38.悪いのは誰?
報告を見ながら「思いの外やらかしてるけど勇者よりマシか」と思いながら、アンネリースが王都を脱出していた理由を思い出して溜め息を吐く。
「どうしたんだよ、ハル。面倒事か?」
「面倒事って常に起きるよね。なんでかな……。

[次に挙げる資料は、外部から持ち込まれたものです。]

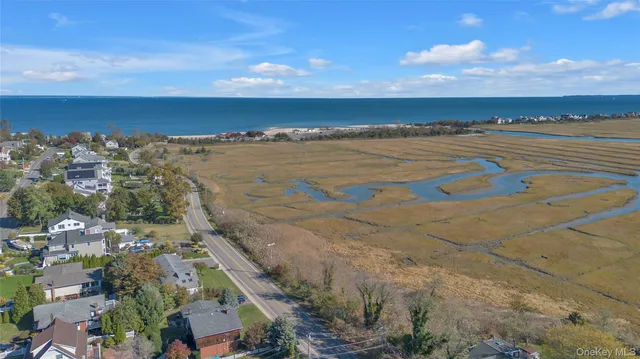 a view of an ocean and beach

もしかして、俺って自覚がないだけで面倒を選び取ってるのかな」
「なんか疲れてんな」
報告書をまとめてトントンと揃えた。
聖女というか教会が引くほどやらかしている。聖女もやってはいるけれど、その理由には「教会がヤバい」ことと「保身」が大きいようだった。せめて洗脳した連中の手綱を握れていればマシだったかもしれない。だが、結局は自分の吐いた愚痴で信奉者が動いて王女を追い出そうとしたり、王城の第二王子のいる区画に陣取っていたりと割と本人も悪気なくやらかしている。とはいえ、現代日本からいきなり連れてこられたという背景もあるだけに全部が悪いとも言い切れない。

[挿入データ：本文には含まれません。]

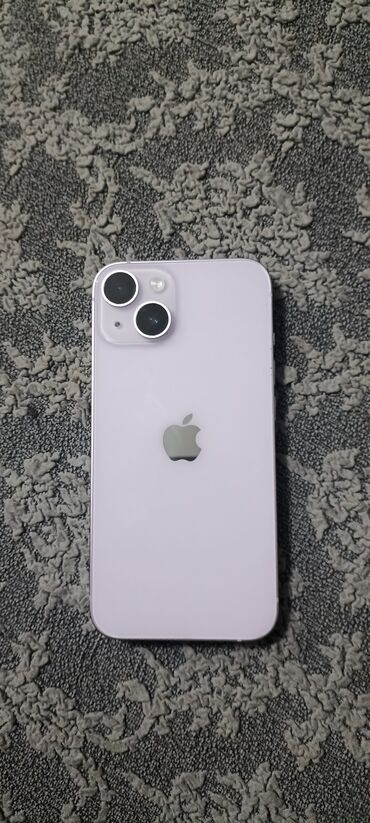 Apple iPhone: IPhone 14, Б/у, 128 ГБ, Наушники, Защитное стекло, Чехол, 93 %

(第二王子を餌にして臣籍降下、そこから結婚させて取り込みっていうのが穏便に済ませられそうだけど。報告見る限り、婚約者のお嬢様もめちゃくちゃ悪い人ではないっぽいし、なんとか良い感じの落とし所があればいいけど)
色々と思うところはあれど、そこまで首を突っ込むのも良くないと首を振った。そもそも、王子であるからにはその婚約には政治的なものも絡んでいるだろう。婚約は解消することになるのだろうが、だから聖女にくれてやろうとはならない可能性の方が高い。
「今代の聖女、10年ほど前のやつより随分マシっぽいんだよね」
「良いことじゃねーか」
「うん。最初がすれ違ってなければね」
だいたい悪いのはフォルツァートの教会連中である。召喚した聖女から見ても腐っていた彼らは、普通に「ここから逃げ出したい」と思われて面倒な女のふりをされている。結果として手がつけられないとしてハロルドを手中に収めようとしてきたわけだけれど、例の司祭が精霊から手酷い反撃を受けたことや、リッパースクワロルによる被害、そしてハロルドの地味な嫌がらせを受けてその計画は頓挫していた。
裏でウィリアムと共謀して被害における慰謝料を請求したりはしていた。匿名で新聞社に好色司祭のことをリークして現在では一部の民衆からも睨まれている。誰がやったのだ、と教会内でも大変な騒ぎになったが何故かハロルドがやったとは露見しなかった。
「召喚された聖女さんは自分に加護を与える神の教会が割と腐ってやがることに早々に気がついた。でも、国に対してあれこれと要求を重ね、許可も得ず勝手に召喚した聖女に関する費用なんかも請求してくる連中に“そんな要求をのめるか”、って完全に追い払ったっぽくて」
「あー……そんでハルみたいに保護やらって話にならずに放置ってことか」
「しかも、結構整った外見をしていたらしくて、身を守るために厄介クソ女の振る舞いを完璧にやっちゃったらしい。その上、何故か第二王子が引っかかったらしくって余計に王家からは睨まれる羽目になったりして……俺が言うのもなんだけど運が悪いな」
「そんなこと調べて何かあるのか?」
「正直に言うと、きな臭いから面倒になる前に潰しときたかったんだよ。俺も狙われるのストレスだし」
今のフォルツァートを祀る人間たちはマーレ王国との連絡が途絶えたこともあるのか少しだけ混乱している。彼らの本拠地はマーレ王国の向こう側だ。金銭的な事情もあってすぐにはその混乱は収まらないだろう。
フォルテが何かをしていることは知っている。ハロルドはそれが落ち着いてことの経緯を知られれば何かあるような気はしている。
「まぁ、今回は俺にできることなさそうだし、この報告は王家も見てるし、多分良い感じの解決方法を見つけるだろう」
「そうだな。一般庶民の俺らが考えることじゃねぇし」
「そう。俺たちは大人しく、来年からの生活を考えてお勉強」
それでも、情報は何かに使えるかもしれないと頭の片隅に置いておく。
ハロルドも無いとは思っているが、聖女たちと取引をすることもあるかもしれない。何せ、一応は魔王が存在する世界なのだ。勇者よりは聖女の方が話が通じそうだし、きちんとしたメンバーを揃えて担ぎ上げれば勝算も高くなるかもしれない。
(保険はないよりある方がいいよな)
神から力をもらっている以上、そのうち巻き込まれてしまう可能性の方が高い。知らないよりは知っている方が対処ができるだろうと考え、それから「それって勇者も調べておいた方がいいってことか?」と思って嫌な顔をした。めちゃくちゃ嫌だった。